Extracted records below:

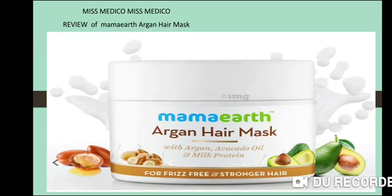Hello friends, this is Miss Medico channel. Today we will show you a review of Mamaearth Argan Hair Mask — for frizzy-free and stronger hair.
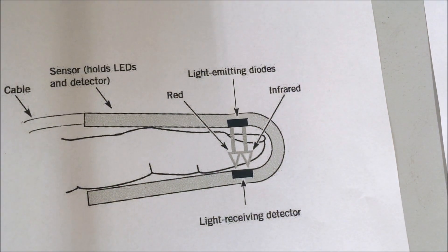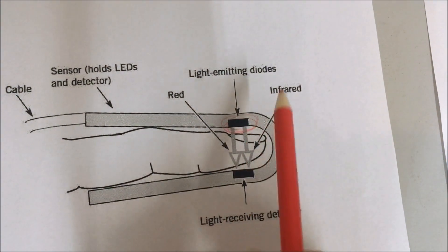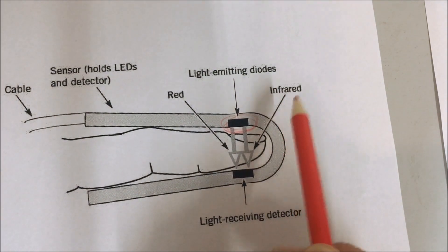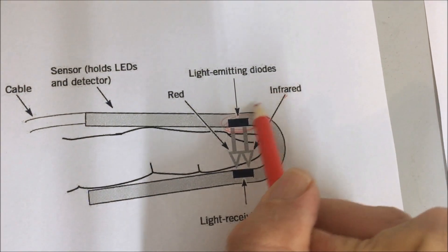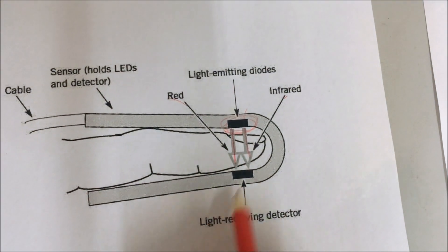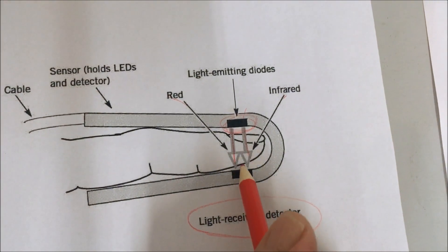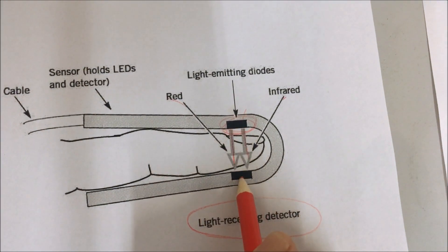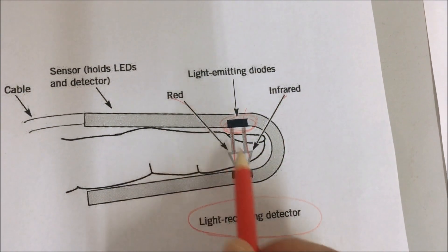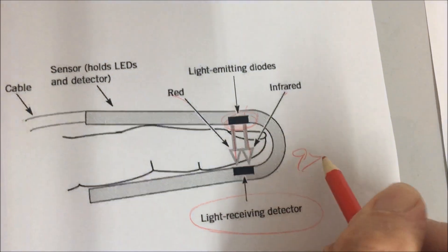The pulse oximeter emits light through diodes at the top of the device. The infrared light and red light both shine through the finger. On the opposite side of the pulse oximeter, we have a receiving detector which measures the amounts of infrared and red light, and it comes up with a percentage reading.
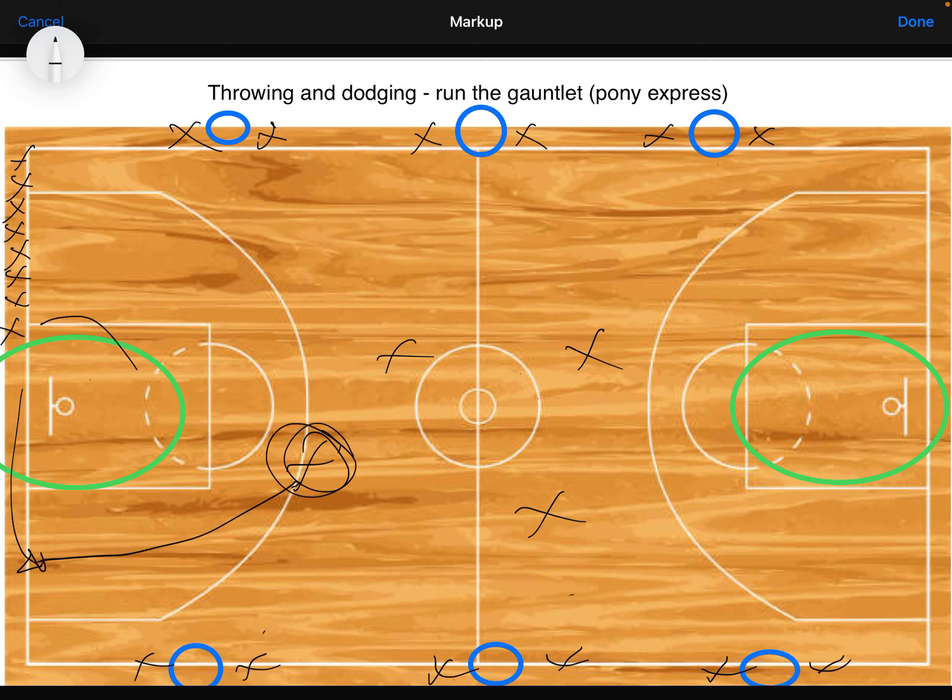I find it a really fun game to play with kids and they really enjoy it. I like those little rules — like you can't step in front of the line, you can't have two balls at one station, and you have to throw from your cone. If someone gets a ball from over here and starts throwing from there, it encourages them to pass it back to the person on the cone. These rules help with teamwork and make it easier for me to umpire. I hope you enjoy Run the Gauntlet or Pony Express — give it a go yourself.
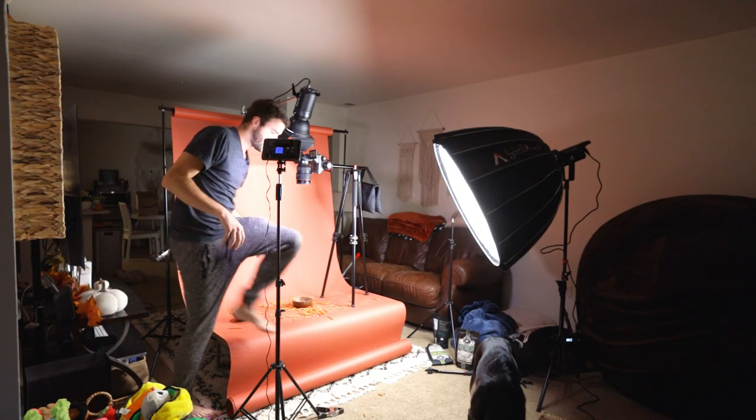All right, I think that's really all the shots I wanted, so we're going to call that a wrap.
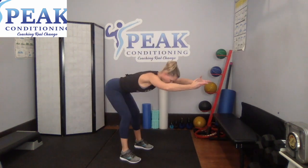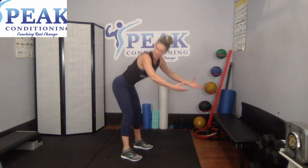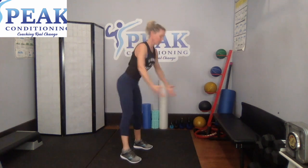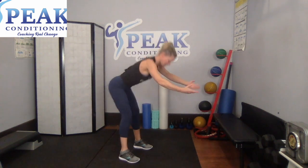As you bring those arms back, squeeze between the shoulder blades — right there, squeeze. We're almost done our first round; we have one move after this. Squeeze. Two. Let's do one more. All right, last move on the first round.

End of Extracted records.

Exercise description — Every line above is to be duplicated exactly; no picture should be carried over.

Response area —
Hello friends, this is Miss Medico channel. Today we will show you a review of Mamaearth Argan Hair Mask — for frizzy-free and stronger hair.
The pulse oximeter emits light through diodes at the top of the device. The infrared light and red light both shine through the finger. On the opposite side of the pulse oximeter, we have a receiving detector which measures the amounts of infrared and red light, and it comes up with a percentage reading.
I find it a really fun game to play with kids and they really enjoy it. I like those little rules — like you can't step in front of the line, you can't have two balls at one station, and you have to throw from your cone. If someone gets a ball from over here and starts throwing from there, it encourages them to pass it back to the person on the cone. These rules help with teamwork and make it easier for me to umpire. I hope you enjoy Run the Gauntlet or Pony Express — give it a go yourself.
All right, I think that's really all the shots I wanted, so we're going to call that a wrap.
As you bring those arms back, squeeze between the shoulder blades — right there, squeeze. We're almost done our first round; we have one move after this. Squeeze. Two. Let's do one more. All right, last move on the first round.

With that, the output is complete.